I once had to spend a month lying on my right-hand side after an eye operation. I couldn’t read, use the internet or watch TV but funnily enough, the days flew by – mainly thanks to the novelist Marian Keyes.

To pass the time, my daughter downloaded hours of audiobooks for me to listen to. And that’s when I discovered the wonderful Keyes. I stopped worrying about my eye as I worked my way through all the books she’d written.

Keyes is an author who puts a smile on your face and makes you think. Her books – my favourites are Last Chance Saloon and The Other Side of the Story – are warm, witty and wise and even when she’s writing about hard-hitting subjects like divorce, depression or alcoholism, she’s never preachy or pious.
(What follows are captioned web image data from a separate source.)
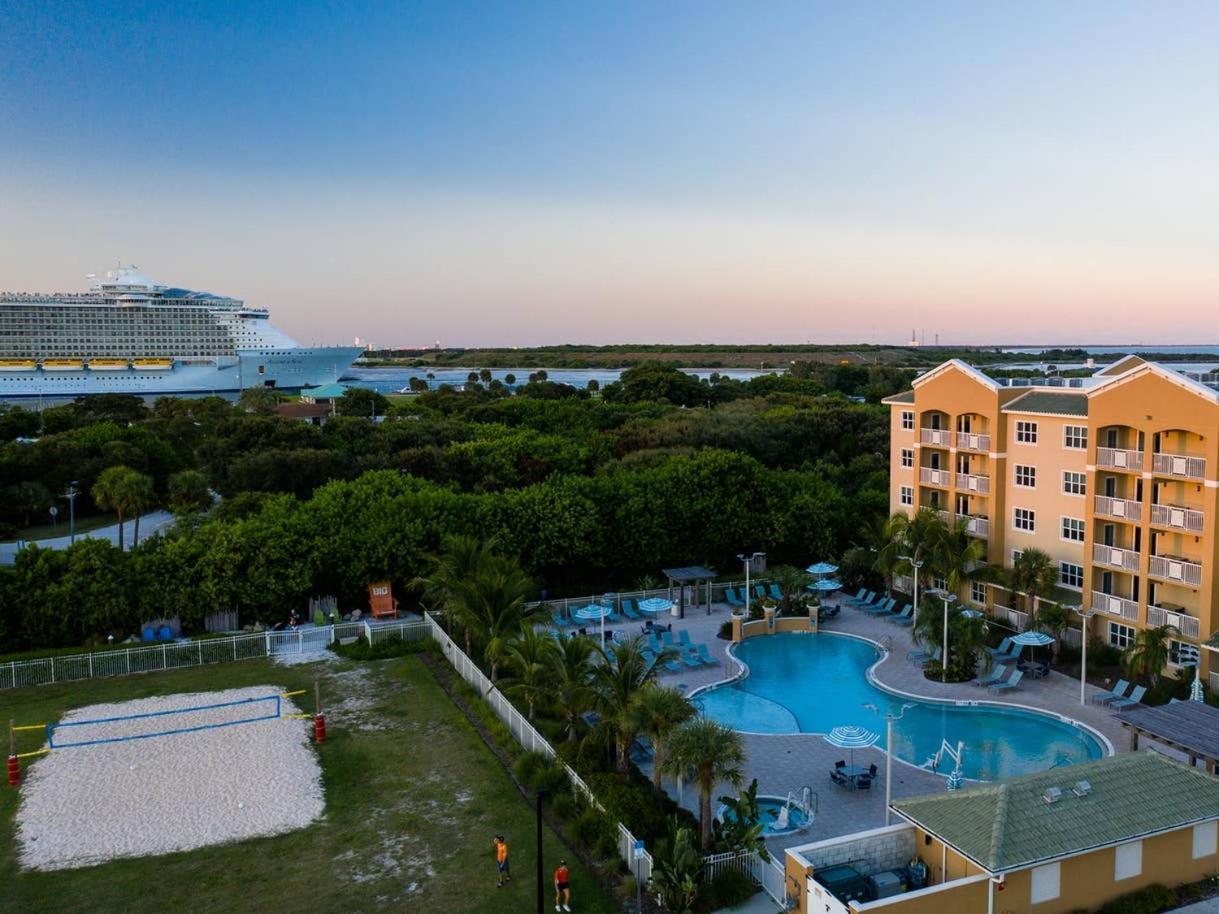Holiday Inn Club Vacations Cape Canaveral Beach Resort Exterior foto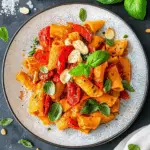 Creamy Roasted Red Pepper Pasta
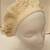 Tam Ladies Cream Hand Crocheted Popcorn Stitch Acrylic Yarn Never Worn 2 thumbnail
Her dialogue is true to life and her characters utterly believable.

The Brightest Star in the Sky, her tenth book, is out in paperback this month and like its predecessors blends comedy, high drama and emotional depth.

It’s the story of the eight inhabitants of 66 Star Street, a rambling Dublin townhouse. The top flat is owned by Katie, a music PR who worries about the size of her thighs and whether her hot-shot workaholic boyfriend will ever commit. Below her, two hardworking Poles share a flat with streetwise cabbie Lydia. A sharp-tongued character with endless lists of pet-hates and witty put-downs to passengers who dare to try it on, Lydia deserves a novel all to herself. Some of Keyes’s previous characters have turned up in subsequent books, so I live in hope.
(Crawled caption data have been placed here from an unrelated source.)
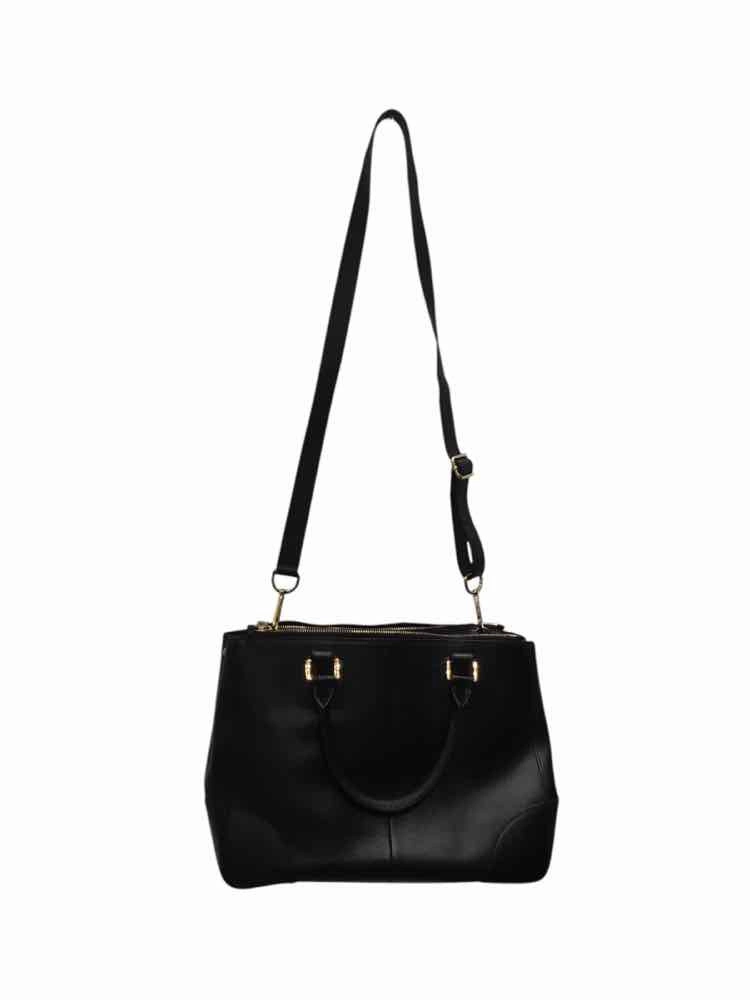 Tory Burch Tote Black and Gold Handbag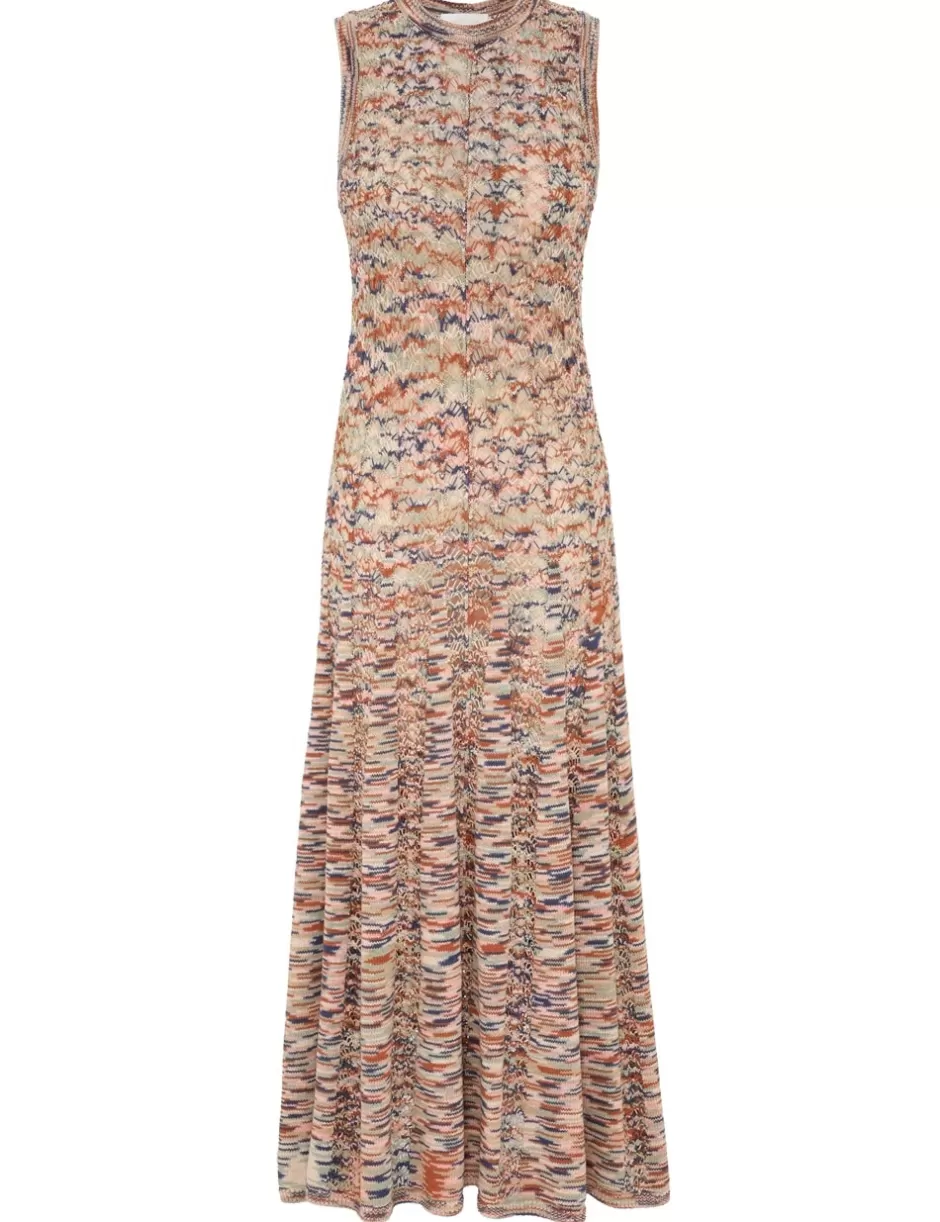 ZIMMERMANN Clothing | Dresses & Coverups<Wylie Tank Knit Dress Multi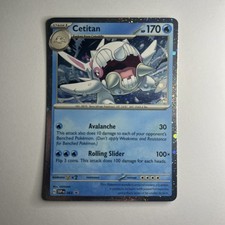 Cetitan Black Star Promo Cosmos Holo Rare Pokemon Card SVP 063 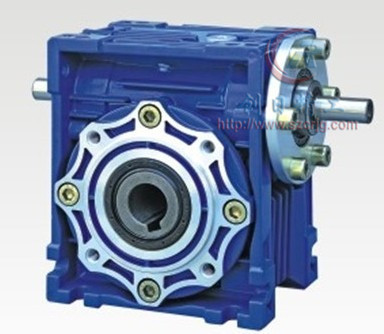 Quality Torque 3-3500N.M Worm Gear Reducer 70rpm Output Speed Temperature ≤40C for sale
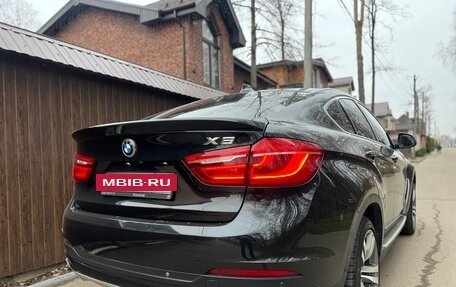 BMW X6, 2017 год, 3 750 000 рублей, 24 фотография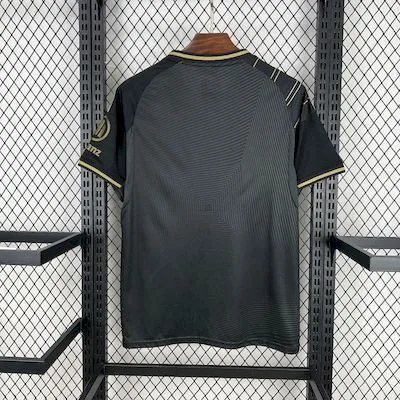 Bayern Munich 2025/26 Black Gold Special Edition Jersey, foto 2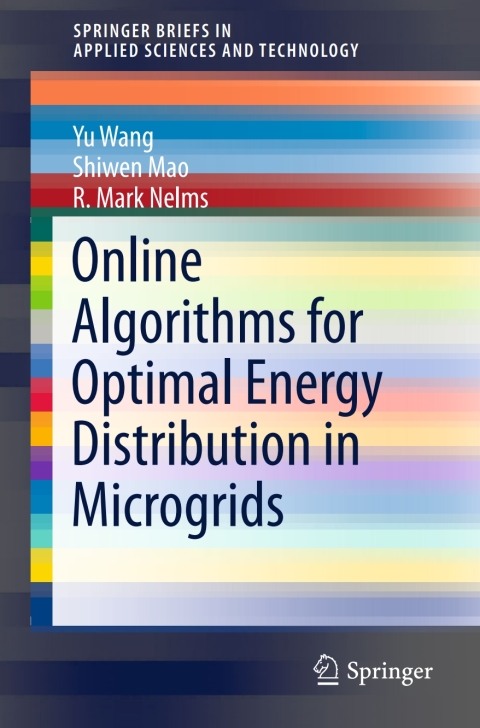 Cover image for book Online Algorithms for Optimal Energy Distribution in Microgrids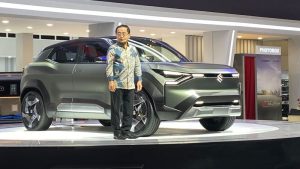 Pertama di Asia Tenggara, Suzuki Pajang Mobil Listrik eVX di GIIAS 2024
On the first floor there’s Jessica, an octogenarian who lives with her malevolent dog and foster son and gives psychic readings on the phone. Meanwhile the ground floor is occupied by newlyweds Maeve and Matt. On the surface they have everything going for them, so what makes them do random “acts of kindness” to stave off their unhappiness?
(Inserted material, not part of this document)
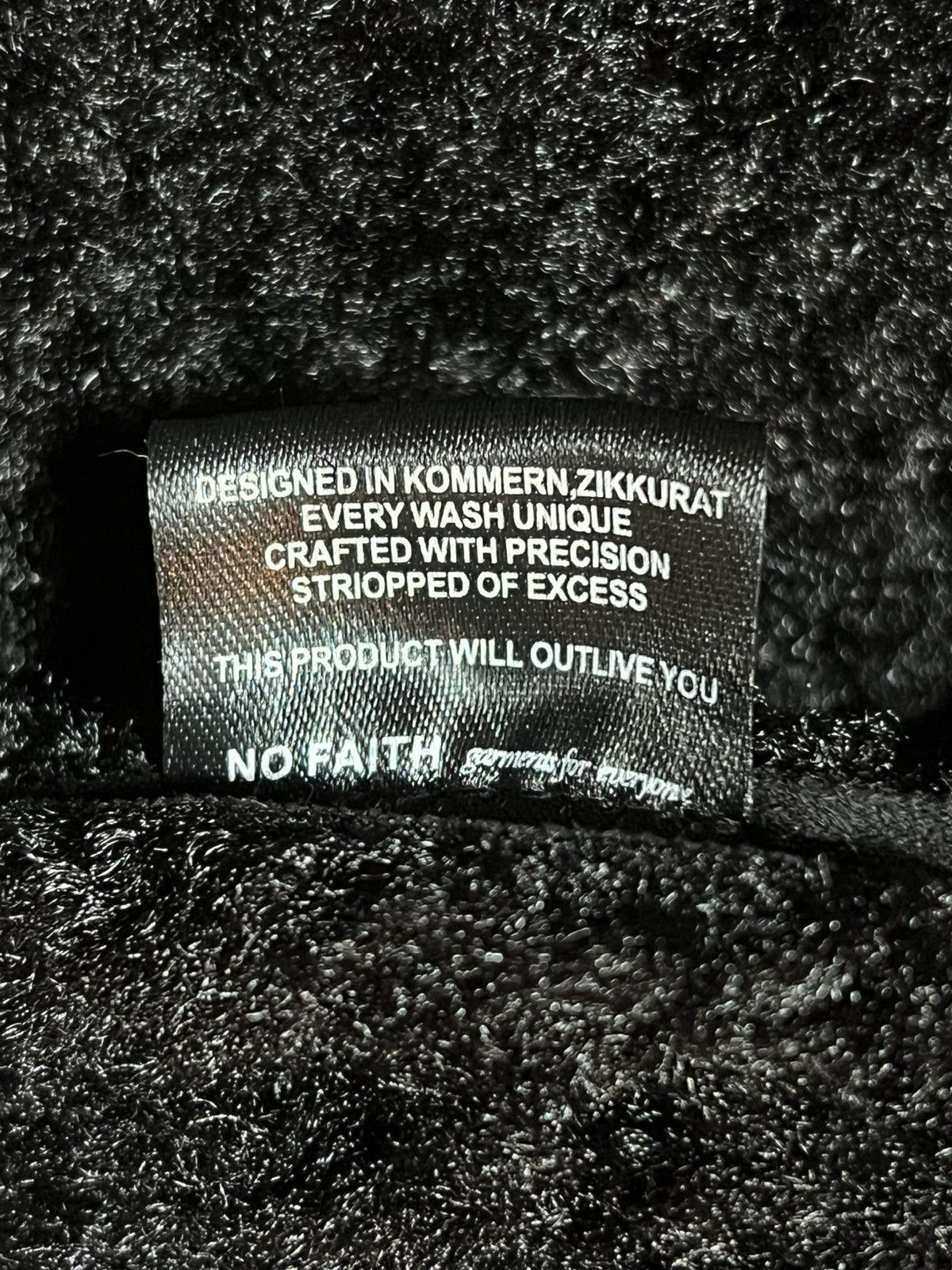 No Faith Studios No Faith Studios Shearling Jacket Size US S / EU 44-46 / 1 - 10 Thumbnail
The novel also features a mysterious visitor who keeps watch over the inhabitants, emerging every so often to “rattle around” their secrets. In less skilled hands, introducing a magic Puck-like creature to the proceedings could have proved disastrous, but Keyes makes it work. And how can you not love a writer who comes up with one-liners like “never trust a man with two mobile phones” and “there’s not much in life that can’t be fixed by cake?”

The Brightest Star in the Sky by Marian Keyes is published by Penguin at £7.99.